In a 2D overhead RPG I wrote in my early days, that's exactly what I did -- NPCs activated half-a-screen outside the visible area in every direction, so even if the player stood still, nearby NPCs would come on-screen, leave, and come back at will. If they wandered too far they'd suspend and remain near where the player would have expected them to be. This all lent to a more immersive kind of feel, without spending resources to calculate all the NPCs in the entire town.

throw table_exception("(? ???)? ? ???");

One way is to make bigger rectangles over your playing field, and store the objects in those rectangles based on their location.
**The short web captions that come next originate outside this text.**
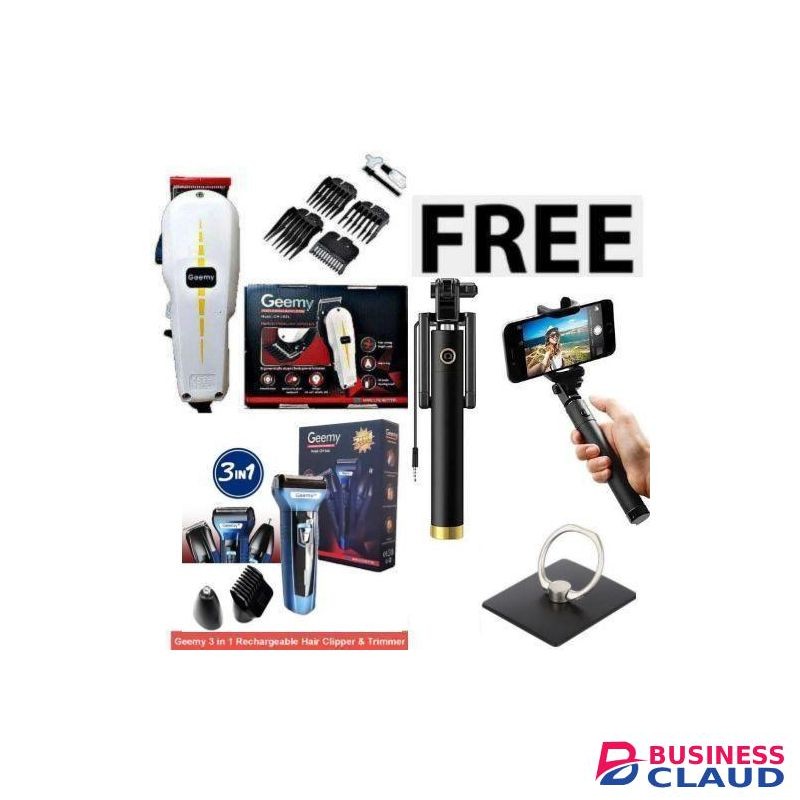 Geemy BEST Professional Barbering Hair Shaving Machine-Kinyozi + Free 3 in 1 Electric Rechargeable Shaver Nose, Smoother & Non Tripod stand//Hand Selfie Stick With inbuilt camera controller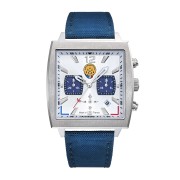 Montre Athos 7 - Chronographe Gris et Bleu Bracelet Tissé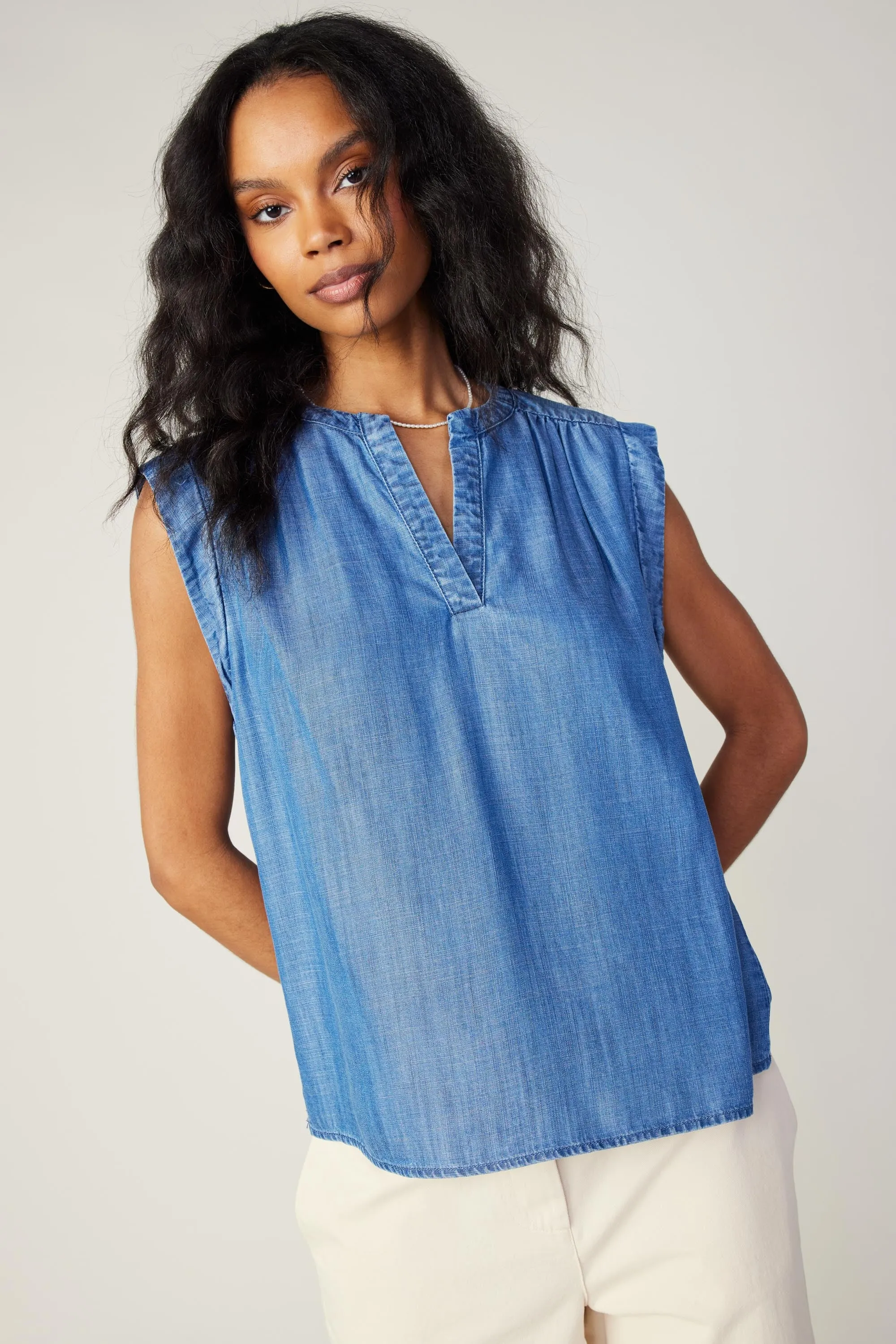 Chambray Tank Top sold by Current Air product image thumbnail 2
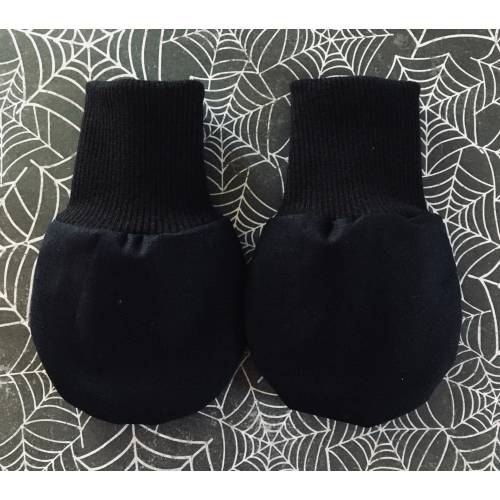Midnight Black Newborn Mitts No Scratch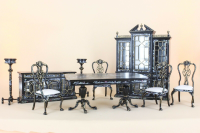(image for) 7 Piece Black/Hand Painted Miniature Dining Room Set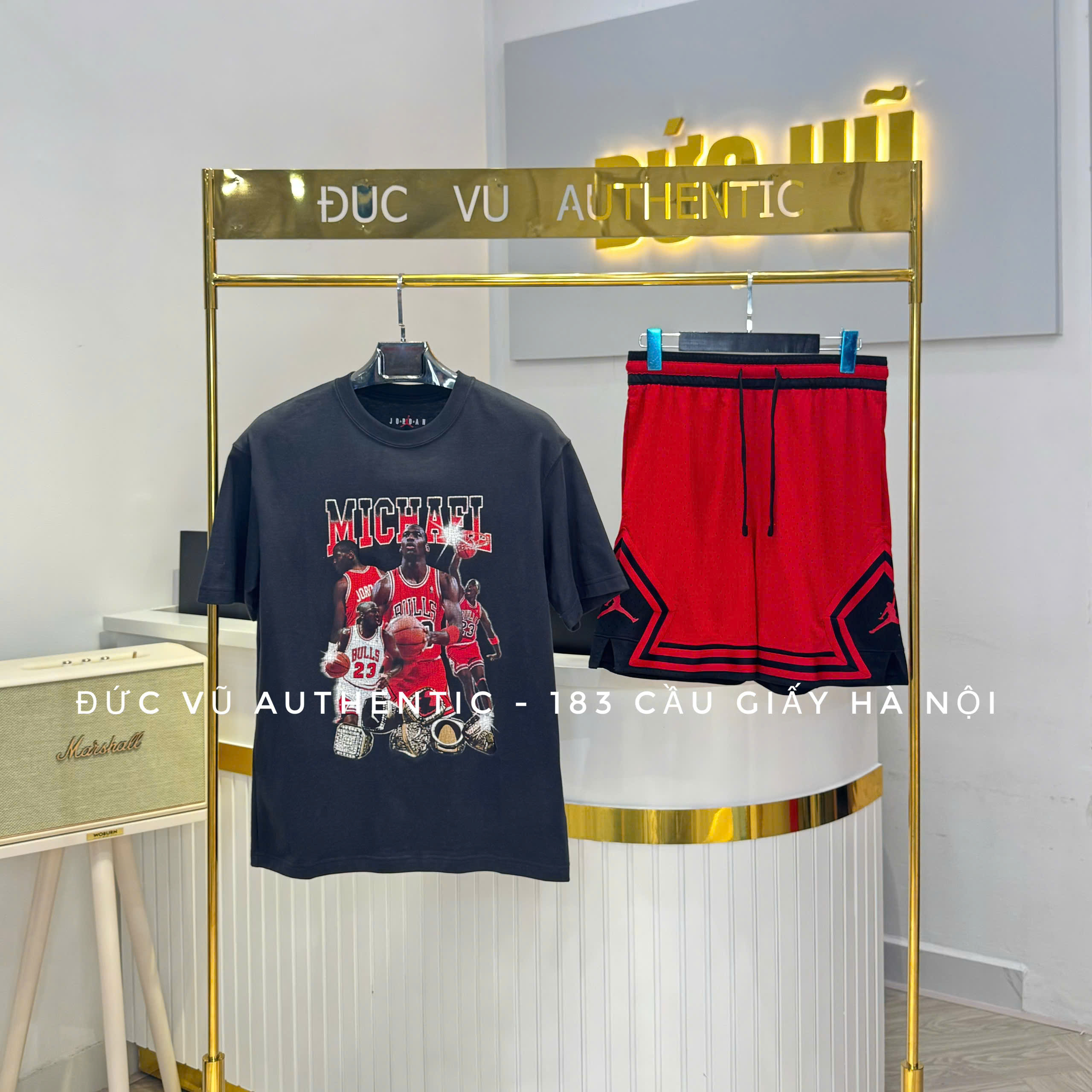 Set thể thao nam Michael Jordan Bulls phối đỏ đen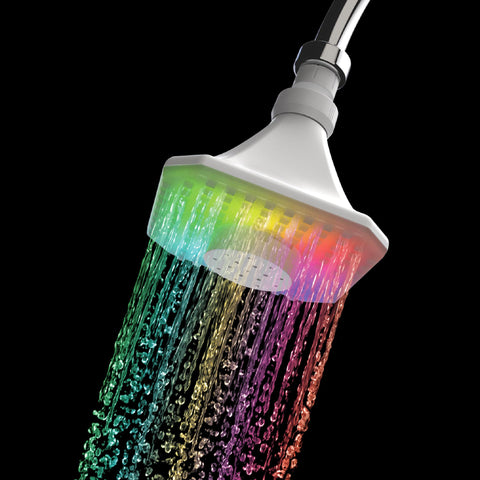InnoFive color-changing shower head with built-in speaker boosts ambiance and audio.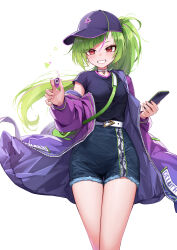 Rule 34 | 1girl, absurdres, backpack, bag, belt, blush, breasts, cellphone, choker, curry bowl, delutaya, diagonal bangs, earbuds, earphones, earrings, green hair, grin, hat, highres, holding, holding phone, indie virtual youtuber, jacket, jewelry, long hair, looking at viewer, off shoulder, phone, red eyes, shorts, simple background, smartphone, smile, solo, virtual youtuber, white background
From the displayed screen, figure out which rectangles are visible, and only search those for objects to display.

A grid is a tried and true very simple method. Whatever sized your world is, split it into evenly spaced grid cells and then based on where the viewer is in the world, it's super trivial to calculate the min and max bounding extents of the grid to isolate the small subset of objects that are relevant to where the camera is looking.